As noted above, the recommendation as to whether or not to perform US-guided FNA depends on US features associated with malignancy, size, and patient’s history. US-FNA has a high sensitivity in small nodules with suspicious US features, while in large nodules, the sensitivity is reduced. Furthermore, considering that the prognosis of some tumors (such as follicular or Hurthle cell carcinoma) is related to the size of the nodule, it is important to recommend US-FNA in nodules > 2 cm in size, or in those that grow over time. Thus, most guidelines recommend FNA in solid nodules > 2 cm even when devoid of US signs suggestive of malignancy. A point of discussion is the size below which FNA is not indicated. In fact, the mortality and recurrence rate of thyroid cancer is directly proportional to the size of the nodules [1,2,19]. The ATA and ETA guidelines recommend US-guided FNA in sub-centimetric nodules only when suspicious features are present and in patients with a history of radiation exposure or familial thyroid cancer [1,2]. Thyroid carcinoma smaller than 5 mm compared with 6–10 mm diameter has a better survival and less recurrence at 5 years (<3% versus 14%) [1]. Recent studies thus recommend not performing US-guided FNA (Table 2) in nodules smaller than 5 mm, also due to the high rate of false positive US findings and the high rate of inadequate cytology [8].

Table 2

US risk stratification for malignancy and indication for US-FNA.
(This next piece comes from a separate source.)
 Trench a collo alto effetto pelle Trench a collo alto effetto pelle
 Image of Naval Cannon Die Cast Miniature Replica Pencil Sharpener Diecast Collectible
	French [77] 2013		ATA [1] 2016		ACE/ACE-AME [2] 2016		Korean [20] 2021		ETA [79] 2018
Risk Category	M.R. (%)	FNA Size (cm)	M.R. (%)	FNA Size (cm)	M.R. (%)	FNA Size (cm)	M.R. (%)	FNA Size (cm)	M.R. (%)	FNA Size (cm)
High	100	≥1	70–90	>1	50–90	≥1	>60	>1–1.5	26–87	>10
Intermediate	69	≥1	10–20	≥1	5–15	>2	15–40	>2	6–17	>15
Low	6	≥1.5	5–10	≥1.5	1	≥2	3–10	≥1.5	2–4	>20
Very low	0.25	≥2	≥3	>2			<3
Benign	0	NA	<1	NA				NA	0	NA
No Nodule

M.R.—malignancy risk; N.A—not advised.

In nodular goiter, US-guided FNA cannot be performed in all nodules. The risk of malignancy for patients with multiple thyroid nodules is not very different from the risk for patients with a single thyroid nodule [9,86]. According to the guidelines [1,2,78], in the presence of 2 or more nodules equal or greater than 1–1.5 cm, US-guided FNA is recommended for those with suspicious US features. If none of the nodules have suspicious US features, FNA of the largest nodule should be performed. All the guidelines agree that US-guided FNA should be advised in high and intermediate risk category nodules, and not the low-risk category.

In summary, the three main aims of using US risk stratification systems are the following: (i) to contribute to the optimal management strategy; (ii) to reduce the number of unnecessary investigations; (iii) to select those patients who should be operated on. The secondary objectives are to facilitate communication between professionals and patients, facilitate a cross-dialogue between clinicians and pathologists, and improve the inter-observer agreement of US reports.

8. Conclusions

Today thyroid nodules are frequently detected by imaging techniques. Only a minority of these nodules will cause significant harm to health. Thyroid US is primarily responsible for this frequent detection, and is also the primary tool for stratifying the risk of cancer and the strength of US-guided FNA indication.